Exercise details:
Scan the records beneath this line for the line holding "Dr. Martens Black Ankle Boots" and the line holding "The Children's Place", then transcribe exactly those two and all lines between.

+-------+

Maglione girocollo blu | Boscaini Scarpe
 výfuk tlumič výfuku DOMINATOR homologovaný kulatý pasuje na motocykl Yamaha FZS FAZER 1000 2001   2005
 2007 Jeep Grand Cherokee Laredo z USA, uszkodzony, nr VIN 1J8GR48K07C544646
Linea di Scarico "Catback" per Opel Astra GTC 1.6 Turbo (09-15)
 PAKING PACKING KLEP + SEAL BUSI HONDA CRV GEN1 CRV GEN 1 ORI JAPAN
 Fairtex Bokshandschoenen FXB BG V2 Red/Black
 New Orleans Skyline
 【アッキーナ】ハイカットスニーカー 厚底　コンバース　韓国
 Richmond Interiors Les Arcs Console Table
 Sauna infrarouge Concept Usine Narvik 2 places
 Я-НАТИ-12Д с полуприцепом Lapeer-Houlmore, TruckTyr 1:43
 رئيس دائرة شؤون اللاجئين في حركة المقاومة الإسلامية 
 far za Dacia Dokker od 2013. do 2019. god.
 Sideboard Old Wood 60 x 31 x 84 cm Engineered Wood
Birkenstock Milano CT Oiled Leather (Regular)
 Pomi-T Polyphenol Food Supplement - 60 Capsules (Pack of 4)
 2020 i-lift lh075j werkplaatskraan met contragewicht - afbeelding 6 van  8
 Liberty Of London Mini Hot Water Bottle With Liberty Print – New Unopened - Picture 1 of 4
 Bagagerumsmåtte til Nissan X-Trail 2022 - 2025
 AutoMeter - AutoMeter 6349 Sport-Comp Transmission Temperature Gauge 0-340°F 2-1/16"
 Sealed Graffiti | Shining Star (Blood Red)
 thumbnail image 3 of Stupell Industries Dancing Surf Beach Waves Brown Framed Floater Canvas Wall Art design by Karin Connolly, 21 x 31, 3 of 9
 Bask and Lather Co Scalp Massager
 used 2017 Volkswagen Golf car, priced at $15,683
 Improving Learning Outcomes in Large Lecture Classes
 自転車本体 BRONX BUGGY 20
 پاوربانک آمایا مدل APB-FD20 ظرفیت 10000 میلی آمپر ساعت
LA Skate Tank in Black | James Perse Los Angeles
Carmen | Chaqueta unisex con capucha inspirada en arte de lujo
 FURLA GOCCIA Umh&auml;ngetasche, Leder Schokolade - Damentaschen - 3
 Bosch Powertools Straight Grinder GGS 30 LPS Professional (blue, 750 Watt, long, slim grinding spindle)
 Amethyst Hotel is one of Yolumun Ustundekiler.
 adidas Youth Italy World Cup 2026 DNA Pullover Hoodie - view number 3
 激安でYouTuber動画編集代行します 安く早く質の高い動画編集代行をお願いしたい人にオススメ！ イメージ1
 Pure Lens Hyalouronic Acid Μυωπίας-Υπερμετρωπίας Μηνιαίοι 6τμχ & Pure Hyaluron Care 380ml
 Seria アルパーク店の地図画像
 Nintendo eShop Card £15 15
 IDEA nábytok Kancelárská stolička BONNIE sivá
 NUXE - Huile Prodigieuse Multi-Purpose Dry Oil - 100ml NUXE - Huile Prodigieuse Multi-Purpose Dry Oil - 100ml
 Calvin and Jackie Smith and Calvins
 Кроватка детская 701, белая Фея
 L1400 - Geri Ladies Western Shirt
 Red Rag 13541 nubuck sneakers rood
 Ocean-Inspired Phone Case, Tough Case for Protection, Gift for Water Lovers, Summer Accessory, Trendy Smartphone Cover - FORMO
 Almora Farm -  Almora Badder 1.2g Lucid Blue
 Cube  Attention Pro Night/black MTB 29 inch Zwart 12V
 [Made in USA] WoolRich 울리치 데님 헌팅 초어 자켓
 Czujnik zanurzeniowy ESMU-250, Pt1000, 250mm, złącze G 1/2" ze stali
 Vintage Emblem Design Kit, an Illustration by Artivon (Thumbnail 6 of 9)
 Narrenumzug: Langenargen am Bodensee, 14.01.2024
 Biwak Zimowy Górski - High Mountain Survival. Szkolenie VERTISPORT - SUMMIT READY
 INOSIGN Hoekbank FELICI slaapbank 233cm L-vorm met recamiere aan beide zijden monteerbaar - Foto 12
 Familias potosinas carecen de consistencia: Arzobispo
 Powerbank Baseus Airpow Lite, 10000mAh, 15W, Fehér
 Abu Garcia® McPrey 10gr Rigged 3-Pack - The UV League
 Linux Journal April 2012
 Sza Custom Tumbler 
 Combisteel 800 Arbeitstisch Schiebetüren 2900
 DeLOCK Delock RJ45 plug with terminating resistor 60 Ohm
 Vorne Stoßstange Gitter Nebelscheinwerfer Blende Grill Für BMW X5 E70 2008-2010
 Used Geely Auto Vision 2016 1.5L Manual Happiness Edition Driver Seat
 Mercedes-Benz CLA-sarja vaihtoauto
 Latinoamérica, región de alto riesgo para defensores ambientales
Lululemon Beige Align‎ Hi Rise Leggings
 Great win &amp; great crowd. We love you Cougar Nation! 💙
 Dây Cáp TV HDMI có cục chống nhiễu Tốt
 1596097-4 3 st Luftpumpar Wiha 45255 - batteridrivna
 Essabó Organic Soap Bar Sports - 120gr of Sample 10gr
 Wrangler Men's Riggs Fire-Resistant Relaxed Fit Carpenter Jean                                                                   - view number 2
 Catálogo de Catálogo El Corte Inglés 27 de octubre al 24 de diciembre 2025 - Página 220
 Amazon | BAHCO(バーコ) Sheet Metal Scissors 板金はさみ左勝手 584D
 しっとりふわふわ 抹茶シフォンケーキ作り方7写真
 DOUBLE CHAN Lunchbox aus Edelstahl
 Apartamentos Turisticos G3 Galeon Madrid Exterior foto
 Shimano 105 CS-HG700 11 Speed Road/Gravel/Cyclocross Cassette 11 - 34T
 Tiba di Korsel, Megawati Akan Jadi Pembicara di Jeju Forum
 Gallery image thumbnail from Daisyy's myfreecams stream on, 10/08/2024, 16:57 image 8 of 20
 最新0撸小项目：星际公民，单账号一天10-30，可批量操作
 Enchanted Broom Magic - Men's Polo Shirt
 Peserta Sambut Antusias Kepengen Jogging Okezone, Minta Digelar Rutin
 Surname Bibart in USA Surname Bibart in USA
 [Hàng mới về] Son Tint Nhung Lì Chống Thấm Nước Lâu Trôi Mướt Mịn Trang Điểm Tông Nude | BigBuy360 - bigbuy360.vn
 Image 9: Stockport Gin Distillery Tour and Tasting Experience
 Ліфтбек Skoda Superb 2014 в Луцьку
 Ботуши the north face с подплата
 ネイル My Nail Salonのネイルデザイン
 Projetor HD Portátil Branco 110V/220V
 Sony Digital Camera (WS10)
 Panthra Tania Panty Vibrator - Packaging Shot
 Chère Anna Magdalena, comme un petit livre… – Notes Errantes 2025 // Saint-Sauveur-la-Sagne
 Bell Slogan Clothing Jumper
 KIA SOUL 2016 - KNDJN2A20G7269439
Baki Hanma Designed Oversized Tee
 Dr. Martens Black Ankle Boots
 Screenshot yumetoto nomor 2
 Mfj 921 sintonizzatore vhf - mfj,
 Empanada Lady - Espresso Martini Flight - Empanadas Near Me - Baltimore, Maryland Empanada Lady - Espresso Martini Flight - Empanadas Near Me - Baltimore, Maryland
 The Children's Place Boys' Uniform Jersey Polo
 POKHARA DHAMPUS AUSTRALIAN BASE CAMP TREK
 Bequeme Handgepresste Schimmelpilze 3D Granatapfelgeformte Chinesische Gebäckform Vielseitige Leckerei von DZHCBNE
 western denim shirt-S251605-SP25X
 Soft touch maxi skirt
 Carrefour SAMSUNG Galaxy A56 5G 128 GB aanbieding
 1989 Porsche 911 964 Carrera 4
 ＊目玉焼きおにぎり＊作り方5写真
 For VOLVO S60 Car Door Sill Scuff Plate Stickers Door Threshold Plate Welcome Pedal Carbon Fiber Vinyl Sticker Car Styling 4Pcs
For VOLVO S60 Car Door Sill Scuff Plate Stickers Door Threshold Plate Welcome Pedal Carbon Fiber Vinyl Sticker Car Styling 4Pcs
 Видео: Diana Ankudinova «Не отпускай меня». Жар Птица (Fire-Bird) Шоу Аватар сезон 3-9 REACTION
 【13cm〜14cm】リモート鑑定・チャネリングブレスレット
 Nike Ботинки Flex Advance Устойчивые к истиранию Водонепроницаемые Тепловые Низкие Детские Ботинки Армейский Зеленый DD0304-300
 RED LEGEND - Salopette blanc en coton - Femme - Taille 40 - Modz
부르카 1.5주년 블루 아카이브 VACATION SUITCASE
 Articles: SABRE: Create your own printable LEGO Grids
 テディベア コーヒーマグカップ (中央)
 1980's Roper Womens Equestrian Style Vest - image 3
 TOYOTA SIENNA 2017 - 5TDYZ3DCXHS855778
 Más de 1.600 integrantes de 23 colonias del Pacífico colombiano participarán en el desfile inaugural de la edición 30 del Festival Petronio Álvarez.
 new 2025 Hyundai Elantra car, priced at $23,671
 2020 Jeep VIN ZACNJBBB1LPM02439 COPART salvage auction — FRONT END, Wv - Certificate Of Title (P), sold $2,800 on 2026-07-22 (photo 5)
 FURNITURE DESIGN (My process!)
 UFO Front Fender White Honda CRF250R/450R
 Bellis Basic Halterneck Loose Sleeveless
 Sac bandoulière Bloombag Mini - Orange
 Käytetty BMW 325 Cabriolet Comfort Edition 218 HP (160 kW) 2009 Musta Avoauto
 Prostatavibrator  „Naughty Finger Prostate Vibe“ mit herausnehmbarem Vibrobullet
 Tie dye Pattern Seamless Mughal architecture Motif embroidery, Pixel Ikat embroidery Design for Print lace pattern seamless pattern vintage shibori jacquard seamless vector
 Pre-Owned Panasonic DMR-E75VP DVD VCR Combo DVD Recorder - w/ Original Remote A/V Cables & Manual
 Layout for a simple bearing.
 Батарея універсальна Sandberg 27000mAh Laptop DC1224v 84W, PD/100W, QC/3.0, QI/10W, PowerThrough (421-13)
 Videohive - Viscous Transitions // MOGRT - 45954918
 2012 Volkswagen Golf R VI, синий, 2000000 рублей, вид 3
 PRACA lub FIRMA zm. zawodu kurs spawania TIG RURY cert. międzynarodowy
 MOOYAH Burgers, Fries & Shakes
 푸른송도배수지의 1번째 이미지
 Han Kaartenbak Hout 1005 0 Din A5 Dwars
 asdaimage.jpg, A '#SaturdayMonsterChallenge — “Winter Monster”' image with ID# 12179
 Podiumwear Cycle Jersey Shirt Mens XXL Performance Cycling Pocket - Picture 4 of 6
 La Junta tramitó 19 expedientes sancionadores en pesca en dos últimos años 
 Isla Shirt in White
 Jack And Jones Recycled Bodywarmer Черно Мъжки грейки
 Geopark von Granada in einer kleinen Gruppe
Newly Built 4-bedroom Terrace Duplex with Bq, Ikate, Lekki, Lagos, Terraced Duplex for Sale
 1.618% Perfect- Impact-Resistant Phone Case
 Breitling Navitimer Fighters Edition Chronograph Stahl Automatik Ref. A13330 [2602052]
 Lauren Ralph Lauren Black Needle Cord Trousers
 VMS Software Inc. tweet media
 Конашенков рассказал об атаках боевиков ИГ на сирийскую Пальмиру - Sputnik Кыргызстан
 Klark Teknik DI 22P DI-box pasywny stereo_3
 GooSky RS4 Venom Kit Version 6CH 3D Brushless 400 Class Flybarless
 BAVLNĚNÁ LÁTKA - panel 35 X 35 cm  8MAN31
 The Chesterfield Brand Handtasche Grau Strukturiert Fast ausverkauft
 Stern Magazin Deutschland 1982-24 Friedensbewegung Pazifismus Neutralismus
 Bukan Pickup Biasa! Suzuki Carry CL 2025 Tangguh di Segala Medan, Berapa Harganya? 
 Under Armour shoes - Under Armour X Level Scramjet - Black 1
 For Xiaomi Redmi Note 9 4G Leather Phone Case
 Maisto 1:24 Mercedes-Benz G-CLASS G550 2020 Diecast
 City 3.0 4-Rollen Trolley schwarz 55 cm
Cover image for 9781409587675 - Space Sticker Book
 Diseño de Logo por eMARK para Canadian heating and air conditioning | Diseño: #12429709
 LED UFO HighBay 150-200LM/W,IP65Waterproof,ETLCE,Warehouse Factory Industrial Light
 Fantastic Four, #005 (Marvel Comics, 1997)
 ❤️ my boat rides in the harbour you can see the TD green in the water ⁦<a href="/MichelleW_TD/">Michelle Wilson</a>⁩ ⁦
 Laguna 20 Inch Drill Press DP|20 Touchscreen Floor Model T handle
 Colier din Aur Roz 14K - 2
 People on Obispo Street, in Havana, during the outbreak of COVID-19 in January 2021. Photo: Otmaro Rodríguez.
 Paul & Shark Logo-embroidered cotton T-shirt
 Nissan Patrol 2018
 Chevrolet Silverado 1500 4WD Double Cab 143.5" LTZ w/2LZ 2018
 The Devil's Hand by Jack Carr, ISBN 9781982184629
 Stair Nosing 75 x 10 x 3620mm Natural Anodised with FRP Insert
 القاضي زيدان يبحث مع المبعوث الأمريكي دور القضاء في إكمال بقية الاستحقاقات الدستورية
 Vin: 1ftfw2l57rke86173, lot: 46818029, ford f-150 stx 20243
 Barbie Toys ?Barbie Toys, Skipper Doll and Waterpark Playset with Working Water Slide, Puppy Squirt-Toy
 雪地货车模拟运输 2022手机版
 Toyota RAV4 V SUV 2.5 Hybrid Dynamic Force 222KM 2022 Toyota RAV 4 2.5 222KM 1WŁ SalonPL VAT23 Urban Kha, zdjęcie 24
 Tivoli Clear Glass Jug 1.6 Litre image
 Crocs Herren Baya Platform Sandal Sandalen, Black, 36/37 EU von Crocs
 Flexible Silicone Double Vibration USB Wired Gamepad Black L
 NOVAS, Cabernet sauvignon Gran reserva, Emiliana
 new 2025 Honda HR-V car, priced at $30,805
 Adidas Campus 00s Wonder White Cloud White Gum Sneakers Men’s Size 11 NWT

+-------+

Reply to the exercise:
 Dr. Martens Black Ankle Boots
 Screenshot yumetoto nomor 2
 Mfj 921 sintonizzatore vhf - mfj,
 Empanada Lady - Espresso Martini Flight - Empanadas Near Me - Baltimore, Maryland Empanada Lady - Espresso Martini Flight - Empanadas Near Me - Baltimore, Maryland
 The Children's Place Boys' Uniform Jersey Polo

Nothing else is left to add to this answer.